RECORDS:
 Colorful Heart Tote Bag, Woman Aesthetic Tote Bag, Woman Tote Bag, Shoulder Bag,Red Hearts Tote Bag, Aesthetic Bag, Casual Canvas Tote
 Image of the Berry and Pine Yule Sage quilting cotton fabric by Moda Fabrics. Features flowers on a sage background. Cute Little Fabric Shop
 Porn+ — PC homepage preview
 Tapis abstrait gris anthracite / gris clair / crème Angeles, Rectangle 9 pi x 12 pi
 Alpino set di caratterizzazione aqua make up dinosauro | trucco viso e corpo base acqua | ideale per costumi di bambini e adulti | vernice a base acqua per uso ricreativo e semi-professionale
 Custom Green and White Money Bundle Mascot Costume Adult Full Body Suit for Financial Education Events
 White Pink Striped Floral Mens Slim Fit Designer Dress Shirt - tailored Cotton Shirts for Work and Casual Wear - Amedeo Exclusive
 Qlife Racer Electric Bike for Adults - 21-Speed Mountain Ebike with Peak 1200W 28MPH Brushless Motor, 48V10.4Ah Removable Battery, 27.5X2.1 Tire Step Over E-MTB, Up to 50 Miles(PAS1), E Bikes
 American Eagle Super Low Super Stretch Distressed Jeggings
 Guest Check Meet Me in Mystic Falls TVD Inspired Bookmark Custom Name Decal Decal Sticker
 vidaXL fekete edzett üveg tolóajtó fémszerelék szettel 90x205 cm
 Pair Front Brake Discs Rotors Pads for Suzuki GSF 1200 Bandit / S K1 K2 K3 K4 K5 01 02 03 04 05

EXERCISE DIRECTIONS:
Give again the closing portion of the entries, from the line with "American Eagle Super" through the last line. Keep it exact and add nothing.

REPLY TO THE EXERCISE:
 American Eagle Super Low Super Stretch Distressed Jeggings
 Guest Check Meet Me in Mystic Falls TVD Inspired Bookmark Custom Name Decal Decal Sticker
 vidaXL fekete edzett üveg tolóajtó fémszerelék szettel 90x205 cm
 Pair Front Brake Discs Rotors Pads for Suzuki GSF 1200 Bandit / S K1 K2 K3 K4 K5 01 02 03 04 05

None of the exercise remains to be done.